Short text fragments from websites
——————————
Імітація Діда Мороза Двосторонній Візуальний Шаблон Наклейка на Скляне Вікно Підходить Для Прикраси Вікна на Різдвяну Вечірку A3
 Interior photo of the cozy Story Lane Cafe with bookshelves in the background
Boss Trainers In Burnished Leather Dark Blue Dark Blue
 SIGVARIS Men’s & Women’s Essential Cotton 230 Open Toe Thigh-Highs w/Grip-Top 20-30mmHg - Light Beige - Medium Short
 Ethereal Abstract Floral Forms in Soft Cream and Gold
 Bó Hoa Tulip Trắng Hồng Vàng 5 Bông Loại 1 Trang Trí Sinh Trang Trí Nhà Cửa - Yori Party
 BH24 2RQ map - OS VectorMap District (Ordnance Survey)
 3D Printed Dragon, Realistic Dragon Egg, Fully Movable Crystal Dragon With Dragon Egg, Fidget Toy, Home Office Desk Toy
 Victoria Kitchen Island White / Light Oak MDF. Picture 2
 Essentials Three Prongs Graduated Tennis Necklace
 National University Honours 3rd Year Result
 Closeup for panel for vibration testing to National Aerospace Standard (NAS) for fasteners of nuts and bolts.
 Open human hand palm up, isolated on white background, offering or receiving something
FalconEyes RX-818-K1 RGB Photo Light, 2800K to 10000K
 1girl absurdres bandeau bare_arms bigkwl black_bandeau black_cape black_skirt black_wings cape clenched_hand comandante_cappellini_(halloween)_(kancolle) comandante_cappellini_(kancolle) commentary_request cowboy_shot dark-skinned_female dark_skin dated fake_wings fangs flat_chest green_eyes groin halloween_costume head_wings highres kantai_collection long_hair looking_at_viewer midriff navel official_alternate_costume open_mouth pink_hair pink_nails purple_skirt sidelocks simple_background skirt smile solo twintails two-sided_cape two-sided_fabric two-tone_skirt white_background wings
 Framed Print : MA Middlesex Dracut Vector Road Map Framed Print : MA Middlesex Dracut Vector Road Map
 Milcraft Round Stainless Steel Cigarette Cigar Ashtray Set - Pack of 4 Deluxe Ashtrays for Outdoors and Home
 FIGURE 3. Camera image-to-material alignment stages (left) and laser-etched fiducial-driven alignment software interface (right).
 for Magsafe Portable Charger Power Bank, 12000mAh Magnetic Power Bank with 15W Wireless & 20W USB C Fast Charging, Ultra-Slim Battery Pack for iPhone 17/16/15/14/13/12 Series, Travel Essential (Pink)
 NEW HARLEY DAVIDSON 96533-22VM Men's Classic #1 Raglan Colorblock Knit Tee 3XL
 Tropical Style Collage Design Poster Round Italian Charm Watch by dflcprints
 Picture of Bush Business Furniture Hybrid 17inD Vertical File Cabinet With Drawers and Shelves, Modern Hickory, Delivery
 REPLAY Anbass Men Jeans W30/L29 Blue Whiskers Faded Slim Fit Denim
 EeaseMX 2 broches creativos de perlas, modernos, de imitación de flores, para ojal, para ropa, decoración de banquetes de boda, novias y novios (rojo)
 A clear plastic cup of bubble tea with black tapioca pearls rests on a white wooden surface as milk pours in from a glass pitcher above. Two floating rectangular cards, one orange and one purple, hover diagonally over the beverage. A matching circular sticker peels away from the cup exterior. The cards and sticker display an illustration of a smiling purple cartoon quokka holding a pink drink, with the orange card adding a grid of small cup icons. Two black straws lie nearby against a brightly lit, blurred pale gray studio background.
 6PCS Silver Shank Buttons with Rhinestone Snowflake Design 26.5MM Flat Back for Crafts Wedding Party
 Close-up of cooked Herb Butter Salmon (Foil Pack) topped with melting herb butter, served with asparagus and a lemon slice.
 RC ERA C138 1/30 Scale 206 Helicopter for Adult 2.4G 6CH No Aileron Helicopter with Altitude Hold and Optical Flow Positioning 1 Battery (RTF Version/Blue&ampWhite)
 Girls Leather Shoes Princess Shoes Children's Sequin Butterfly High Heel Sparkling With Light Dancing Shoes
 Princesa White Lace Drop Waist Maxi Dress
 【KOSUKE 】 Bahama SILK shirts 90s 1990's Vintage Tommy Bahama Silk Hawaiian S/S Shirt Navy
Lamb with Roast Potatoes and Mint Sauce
——————————
### Task description
Starting with the line that holds "Closeup for panel" and ending with the line that holds "FalconEyes RX-818-K1 RGB", retype every line in the data above exactly, and nothing else.

### Solution to this exercise
 Closeup for panel for vibration testing to National Aerospace Standard (NAS) for fasteners of nuts and bolts.
 Open human hand palm up, isolated on white background, offering or receiving something
FalconEyes RX-818-K1 RGB Photo Light, 2800K to 10000K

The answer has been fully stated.